◆ **Your task**
Retype each line of the material exactly, please, skipping any picture in it.

--- Information supplied ---

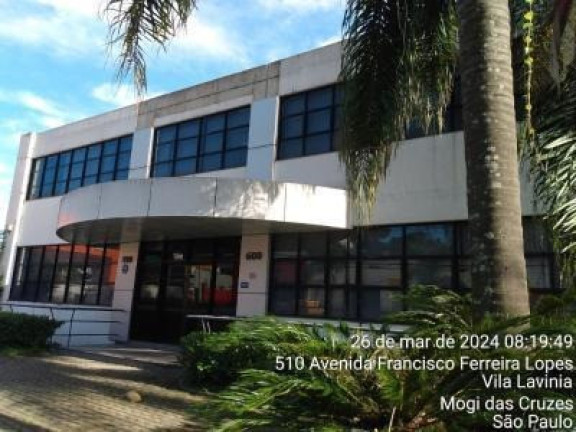 Imagem Imóvel à Venda, 2.027 m² em Vila Lavínia - Mogi Das Cruzes Imagem Imóvel à Venda, 2.027 m² em Vila Lavínia - Mogi Das Cruzes
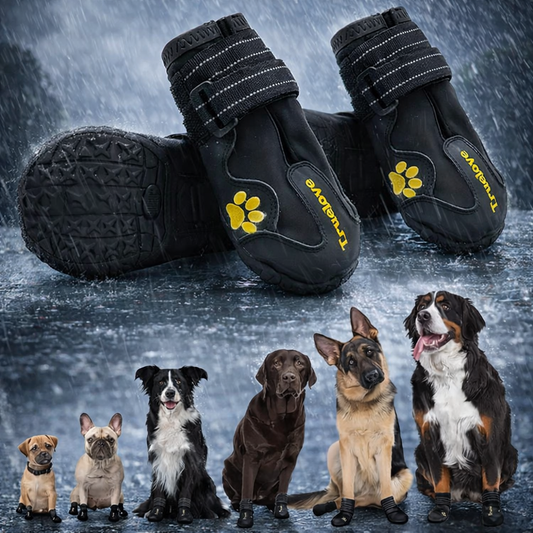 Truelove Dog Boots
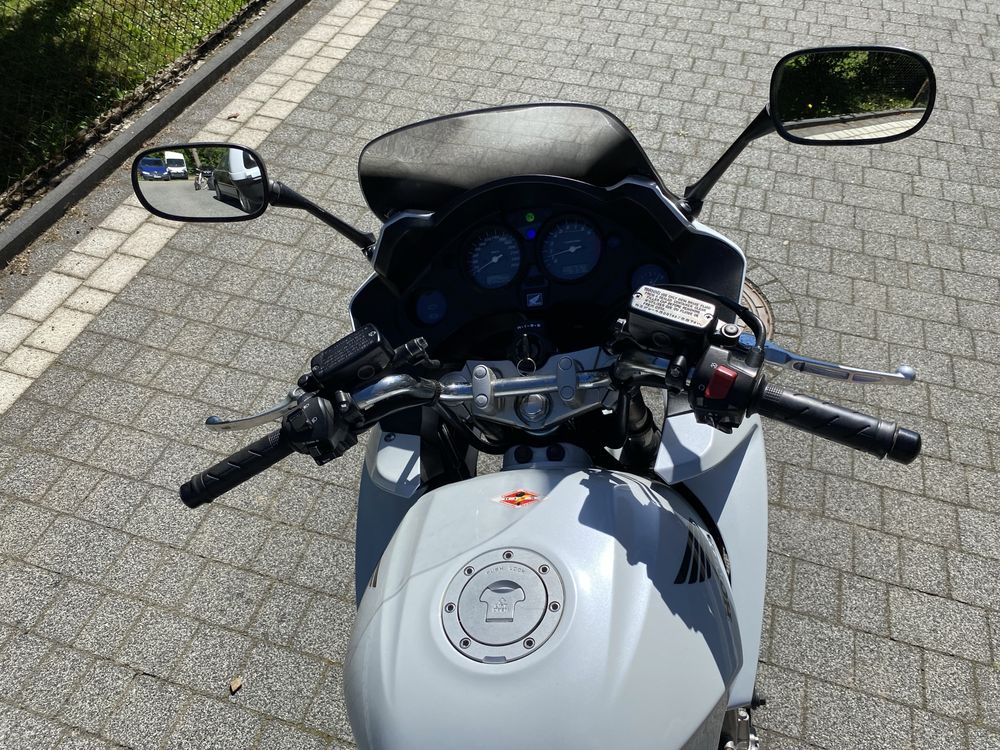 Honda CBF 1000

---

◆ **Solution for this problem**
 Imagem Imóvel à Venda, 2.027 m² em Vila Lavínia - Mogi Das Cruzes Imagem Imóvel à Venda, 2.027 m² em Vila Lavínia - Mogi Das Cruzes
 Truelove Dog Boots
 Honda CBF 1000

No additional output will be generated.